I’ve been reorganizing. As I did, I came across a good-bye letter from me to the pastor from March 2008. I didn’t actually leave until December 2009. I don’t remember what prompted me to write the letter; I’m fairly certain it had to do with two younger women falsely accusing me of some really weird things–so weird that when he started rebuking me I had no idea who even could have come up with such ludicrous statements. I’m pretty sure from the way the letter is worded that I figured I’d be kicked out, not that I was planning to just walk out. I also know that I should have left even before that.

Reading the note – a note that was mainly thanks and praise of them for all the “good things” like outreach and being used so much and being “allowed” to help – brought back a lot of memories. Memories of such fear and anxiety that I would physically start shaking so hard I could barely stand if I so much as got a text from the pastor or his wife. Memories of my stomach in knots and me afraid to run to the bathroom because he’d be angrier if he’d called me to stand in his two hour after service line of people he wanted to talk to or who wanted to talk to him and stuck his head out and saw that I wasn’t there, or saw me leave service for any reason, or… Afraid to go to the church for anything, never knowing when I’d get ‘called in’ or what I’d be in trouble for next, and afraid not to go because missing anything meant a step toward hell, no matter what the reason for missing.
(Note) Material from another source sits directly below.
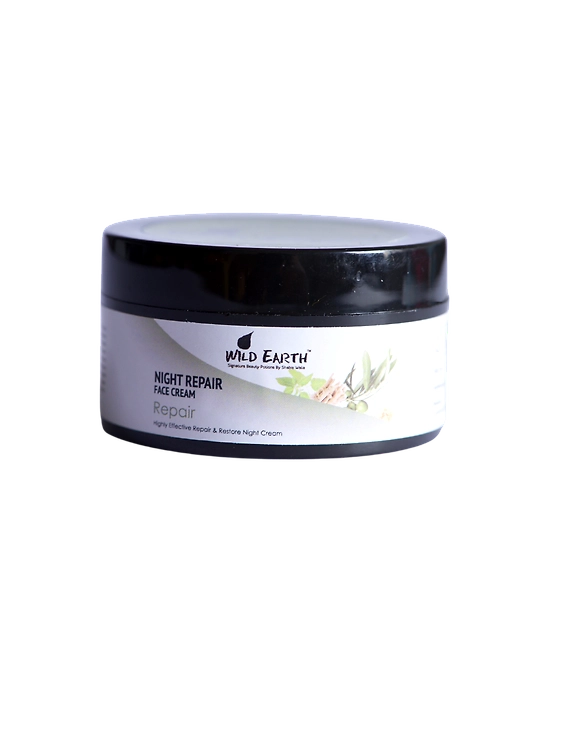 Wild Earth Night Face Repair Cream (50 gms), Night Cream For Women | Overnight Repair | Natural | Free Chemical-Green-1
People who left had things said. They were garbage, trash. They weren’t worth talking to and couldn’t be trusted. Listening to them or spending any time with them was risking your own soul, because as the pastor said, “be careful who you fellowship!” If you associated with them, you were probably one of them. And if you were one of them, you were backslid, too, and had left God and fallen away ‘like a dog returned to his vomit.’

And so I was afraid to leave, but I was afraid to stay. I realize now that the pastor was exerting a tremendous amount of control with his after service lines that you had to stay in until 1:00 am if he told you to be there, even on a work night, and his rebukes based on false accusations — rebukes without giving the accused an opportunity to explain, harsh rebukes that didn’t even have to do with the original accusations in many cases, rebukes in which the condemned weren’t to say anything or they’d be talking back to the man of God, which was simply not done. I realized even then that the amount of terror that I was feeling and the physical toll it was taking were harmful. I’d been warned by doctors that stress was elevating bad things and manifesting physically. I didn’t know at the time how close I may have been to an emotional breakdown.

Leaving was costly. Staying was costlier. I stayed because I believed in God. I stayed until I barely had any faith left. They taught that those who left also left God, but I would have struggled less with faith in God if I’d abandoned faith in them a little sooner, before they’d entwined ideas of God with their sickness quite so much. I was afraid to leave, and after I wrote the letter I found tonight, it would still be another 21 months before I left. People there at the time may have wondered why I left. I look back, eight years later, and wonder why I ever stayed as long as I did. If I’d know then what I know now, I’m not sure if I’d have been more or less afraid of leaving. But looking back now, my regret is that I ever went there to start with… and that I didn’t leave sooner.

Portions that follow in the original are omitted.